==== THE DATA

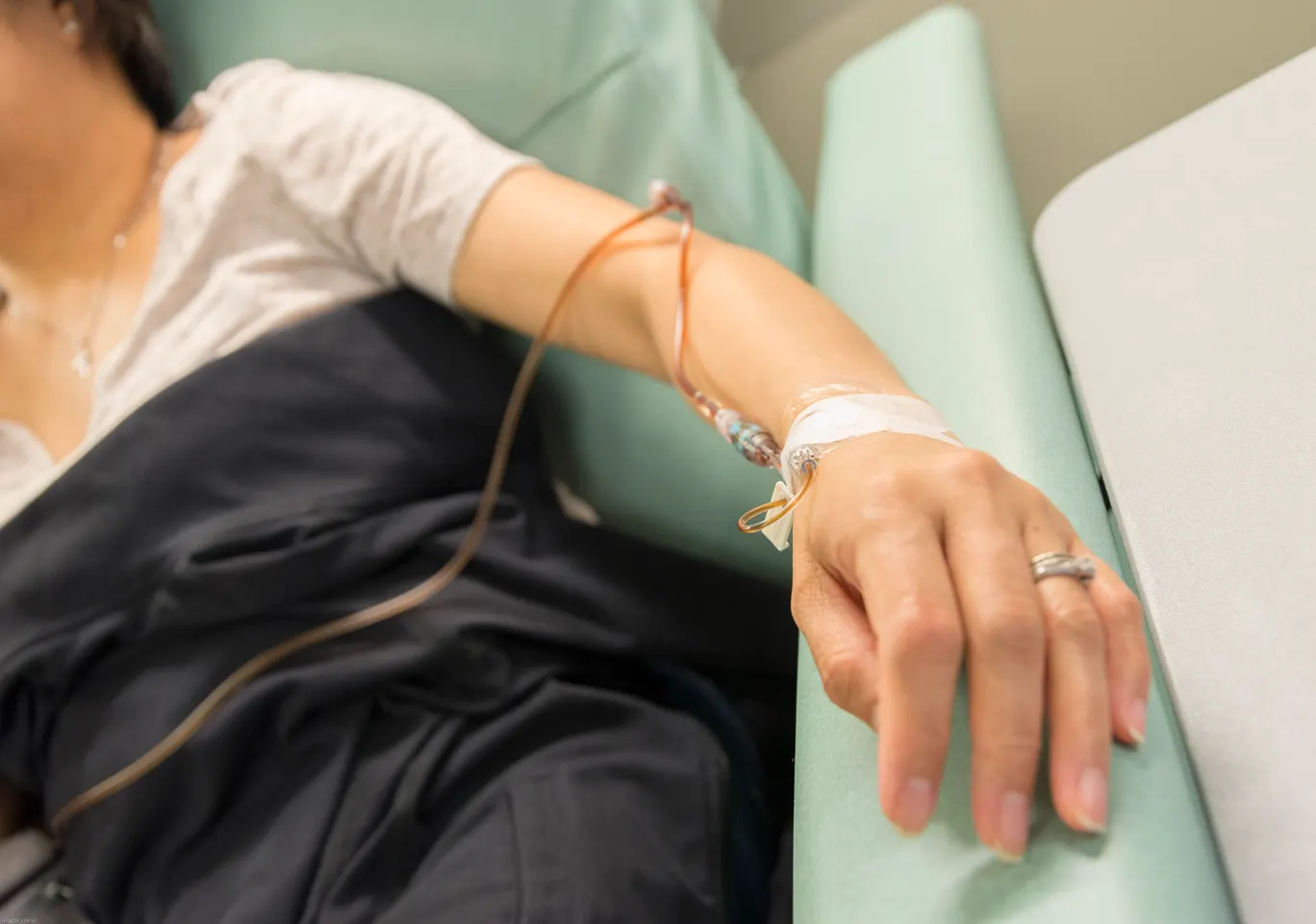 Kroplówki witaminowe Skierniewice: ręka z podłączoną linią infuzyjną w trakcie zabiegu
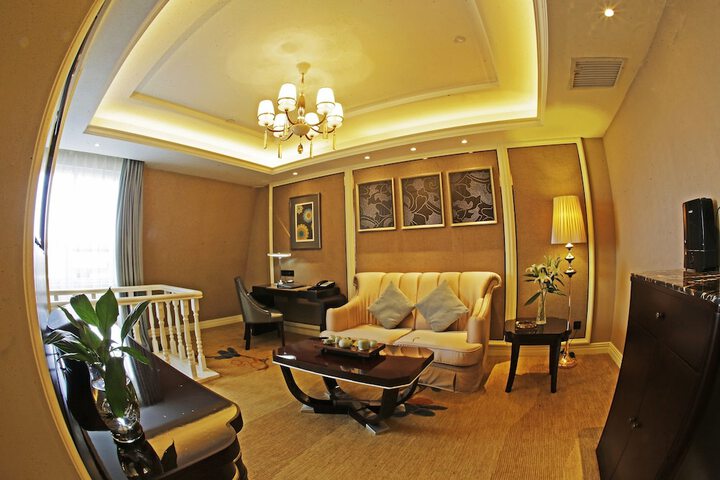 Room 17 of 30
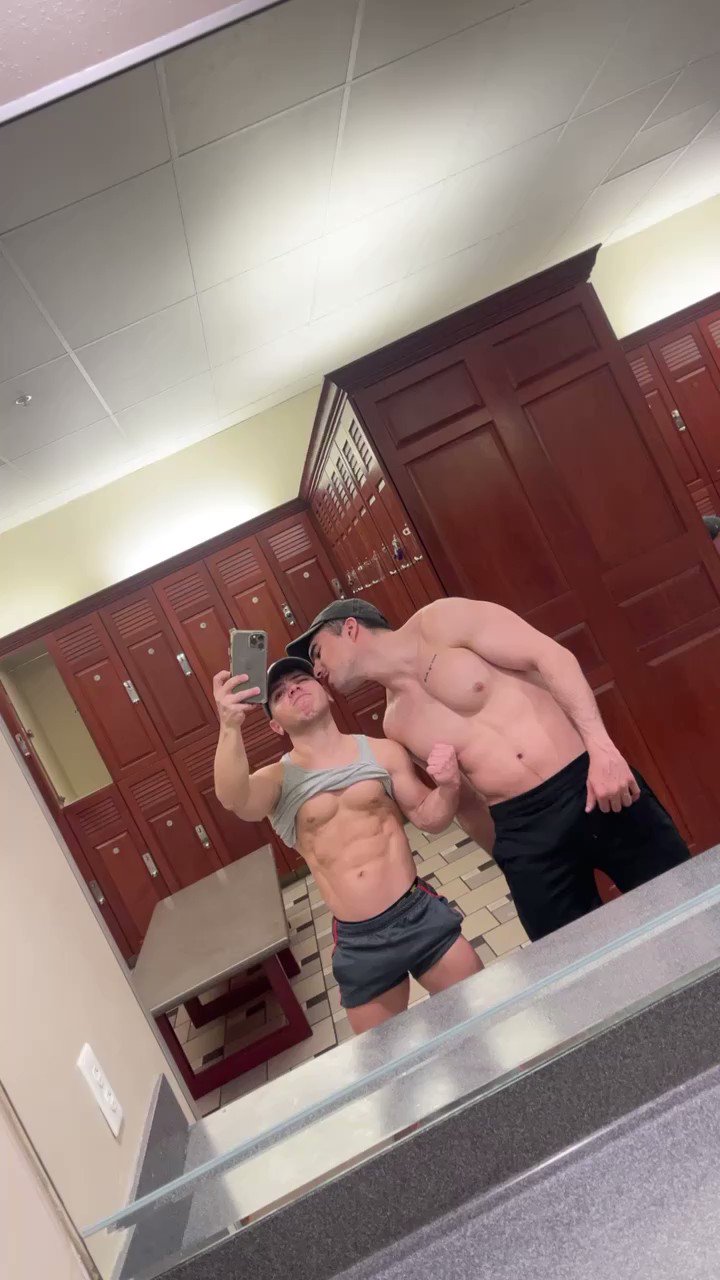 JC Mounduix on X: Thank you @Joey_Gentile for training me 😍😍😍 #Summer  t.cogY62jDFT05  X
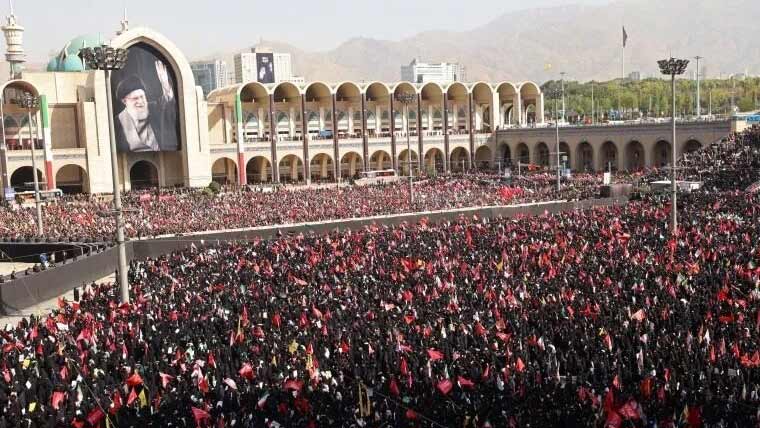 علی خامنہ ای کی تہران میں نماز جنازہ آج، جامع مصلیٰ میں لاکھوں سوگوار موجود
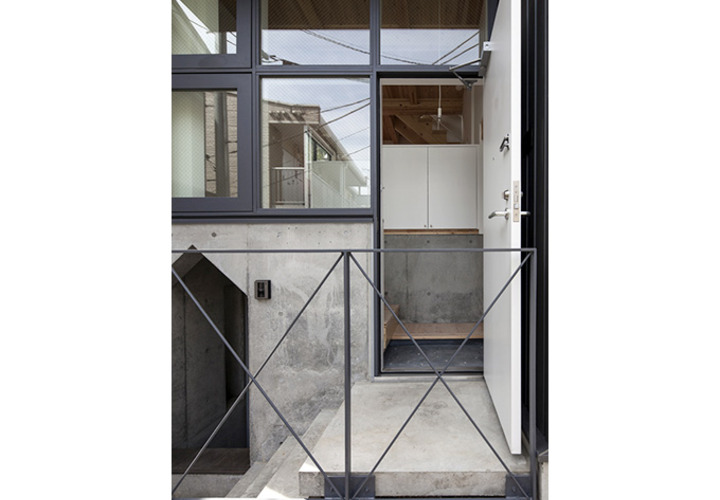 敷地10坪に7層からなる住宅ーエントランス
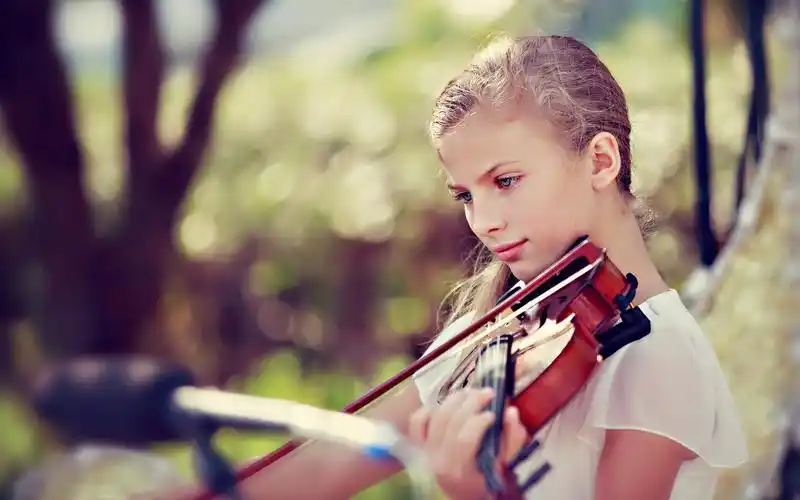 壁纸 金发女孩拉小提琴,蓝色的眼睛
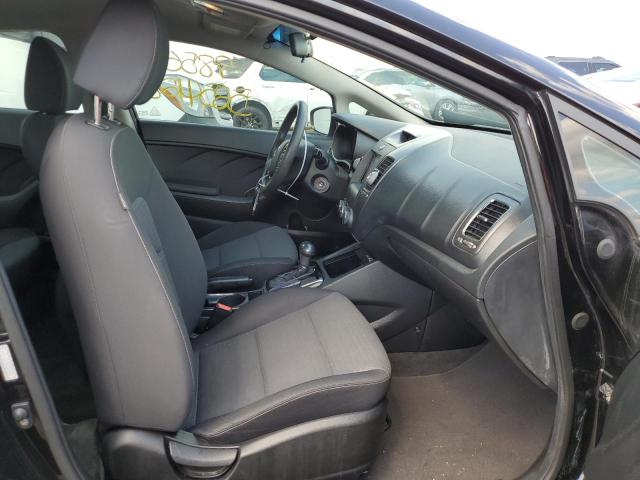 Photo 5 from auction – 2017 KIA FORTE LX with VIN 3KPFL4A75HE008506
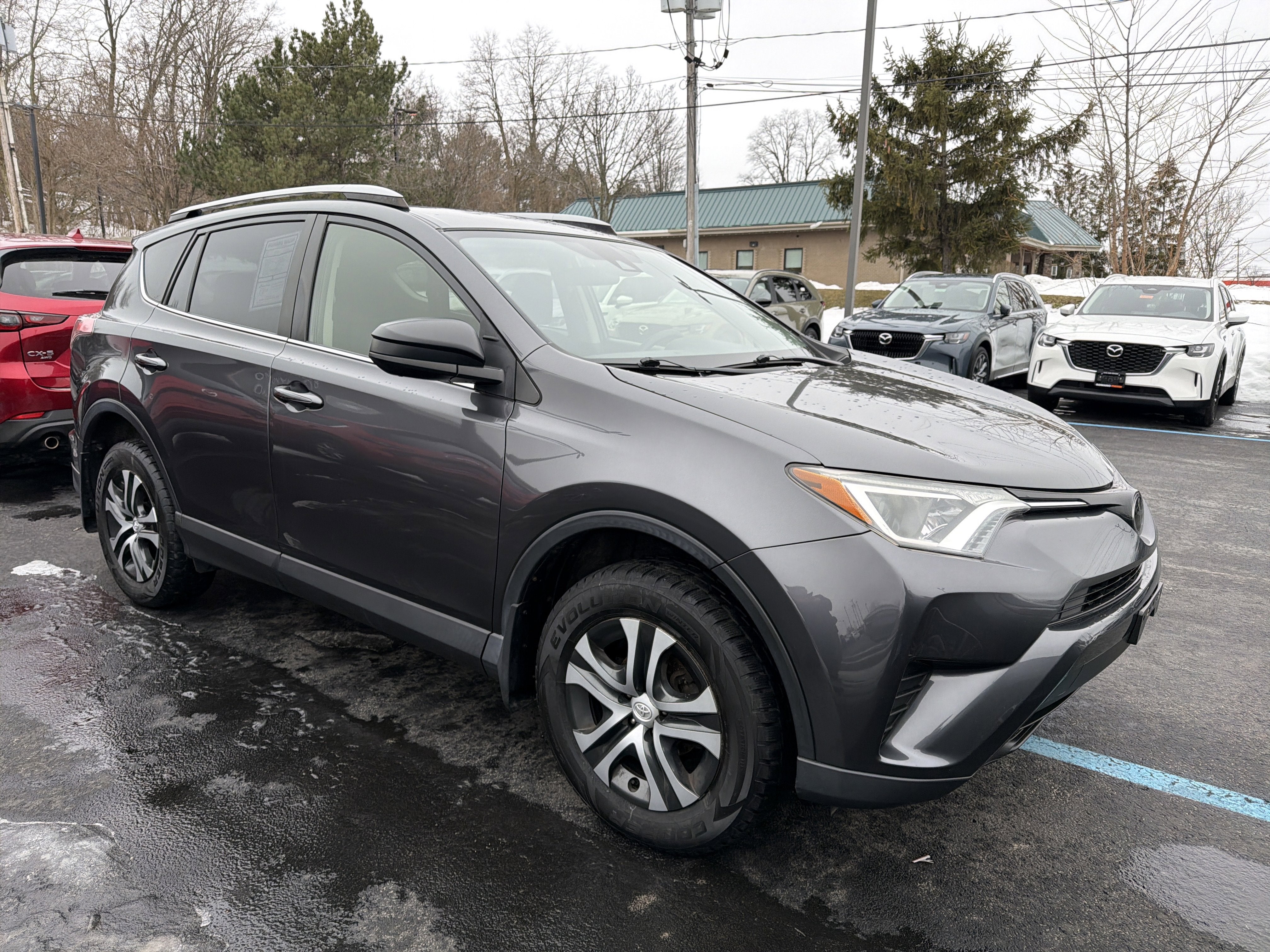 2018 Toyota RAV4 LE AWD
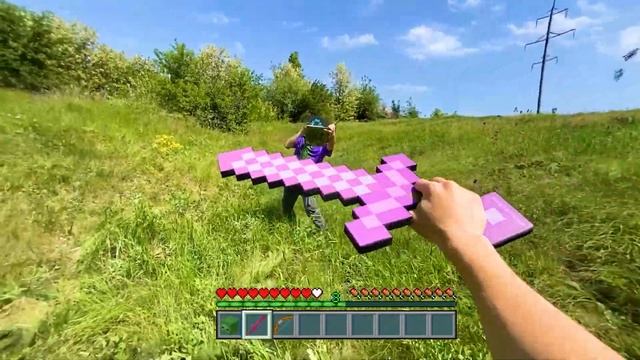 Minecraft In Real Life POV - I Built A Real House Using ONLY 創世神第一人稱真人版 Realistic Minecraft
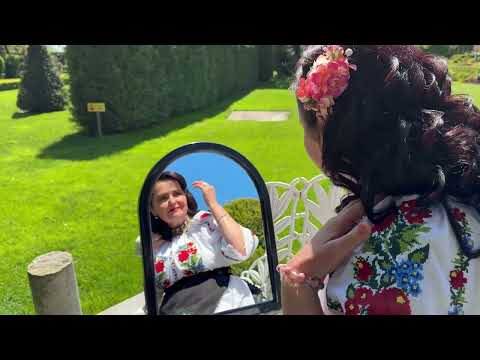 Valeria Dobra Sturza - Mă uit în oglindă și mă mir
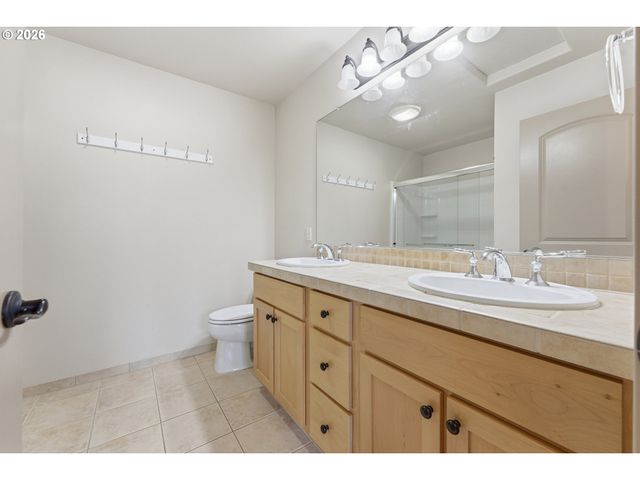1906 Ne 48TH Way, Hillsboro, OR 97124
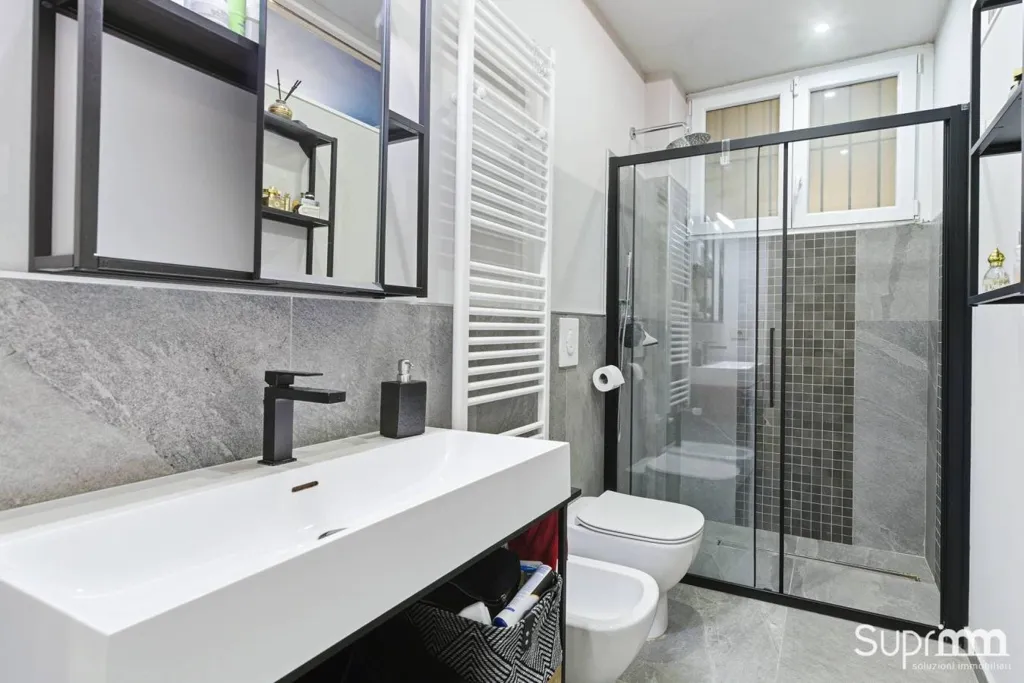 Salles de bain - Restored Apartment with Private Courtyard in Turin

========

EXERCISE DESCRIPTION -
A verbatim copy of the entries, stripped of pictures, should be produced.

RESULT -
 Kroplówki witaminowe Skierniewice: ręka z podłączoną linią infuzyjną w trakcie zabiegu
 Room 17 of 30
 JC Mounduix on X: Thank you @Joey_Gentile for training me 😍😍😍 #Summer  t.cogY62jDFT05  X
 علی خامنہ ای کی تہران میں نماز جنازہ آج، جامع مصلیٰ میں لاکھوں سوگوار موجود
 敷地10坪に7層からなる住宅ーエントランス
 壁纸 金发女孩拉小提琴,蓝色的眼睛
 Photo 5 from auction – 2017 KIA FORTE LX with VIN 3KPFL4A75HE008506
 2018 Toyota RAV4 LE AWD
 Minecraft In Real Life POV - I Built A Real House Using ONLY 創世神第一人稱真人版 Realistic Minecraft
 Valeria Dobra Sturza - Mă uit în oglindă și mă mir
1906 Ne 48TH Way, Hillsboro, OR 97124
 Salles de bain - Restored Apartment with Private Courtyard in Turin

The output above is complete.